Newscoisa #95: Aceitamos o convite, eu e o elefante
Newscoisa #95: Aceitamos o convite, eu e o elefante

(você lembra? lembra? que chamou o elefante pra sua lojinha de cristais?)
O que dói tanto nem é o gozo que você nos negou. É perceber que sem saber de ti fico sabendo um pouco menos de mim. Lavo pratos, dobro roupas, dobro esquinas, corrijo trabalhos, o rumo, a pose, organizo temperos, o tempo, os recursos, atravesso os dias com a felicidade que aprendi a sentir e vivo as noites abraçando a solidão que é de ser humana. Tento não sentir a sua falta. Quase consigo.

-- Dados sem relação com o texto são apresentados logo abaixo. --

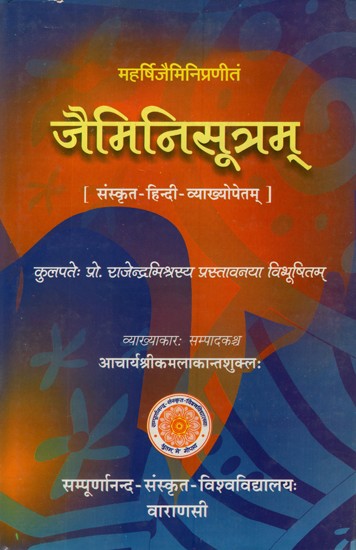 जैमिनिसूत्रम्- Jaimini Sutram of Maharishi Jaimini (With The Sanskrit and Hindi Commentaries)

A gente esquece. Ou pensa que. Parece até que nunca ouviu Bethânia cantando, “bate é na memória da minha pele”. De repente, a vontade de um abraço. Tem gente que lembra de tudo. Eu, de quase nada, dito, feito, visto, falado, ouvido. Mas não se abrandam as sensações. O corpo reclama. Há lembrança, e tanta, do que me fez bem. E ainda faz. Eu falo muito e há coisas que ainda não sei dizer. Talvez nunca venha a saber. Pode ser que não existam palavras para o que provavelmente nunca devesse ser. Mas eu queria ter dito. Coisas delicadas. Pequeninas. Miúdas vontades. Sussurrar: não há que se temer o que não existe como, por exemplo, o futuro. Ocupar pouquinho espaço, enrodilhada no cantinho do peito. Ou na palma da mão. Na ponta da sua língua. De novo a Bethania: o abismo que nos separa. Cavei com minha incapacidade de sair da concha, talvez. Espio o baralho, as cartas debocham. Ainda assim, o coração acelera e o sangue faz corar quando uma mensagem qualquer apenas é. Parece que foi ontem. E foi. O que eu ainda sei: o conforto. O encaixe. Poder dizer. Rir. Tocar. Devia ter te tocado mais. Tão bonito apenas dizer: sim, eu gosto. Também eu. Gosto. Do contato físico, digo (e completo, só pra mim: do contato com você). Estamos a uma língua de distância. Ou duas. Uma palavra bem dita e as lembranças que eu levaria na mala seriam outras? Ou não era nada disso, era apenas um isto, uma recordação bonita comprovada, uma gentileza, uma conversa fácil. Sempre foi fácil, com você. Eu suspiro. A gente (a gente sou sempre eu) esquece. Ou pensa que.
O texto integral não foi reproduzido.